Instructions to follow — The required result is the exact run of lines beginning at the one containing "Aston Hill Motor" and ending at the last line of the entries.
Supplied records section start
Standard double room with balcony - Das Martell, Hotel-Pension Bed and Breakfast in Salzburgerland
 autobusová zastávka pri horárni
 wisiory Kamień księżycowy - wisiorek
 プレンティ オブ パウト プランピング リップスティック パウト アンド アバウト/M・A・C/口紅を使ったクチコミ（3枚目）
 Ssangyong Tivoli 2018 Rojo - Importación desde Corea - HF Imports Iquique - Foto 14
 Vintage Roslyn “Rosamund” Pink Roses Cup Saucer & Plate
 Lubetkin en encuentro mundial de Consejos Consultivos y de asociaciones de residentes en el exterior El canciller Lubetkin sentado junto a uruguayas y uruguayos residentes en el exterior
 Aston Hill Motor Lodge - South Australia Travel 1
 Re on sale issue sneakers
Supplied records section end
Reply to the exercise —
 Aston Hill Motor Lodge - South Australia Travel 1
 Re on sale issue sneakers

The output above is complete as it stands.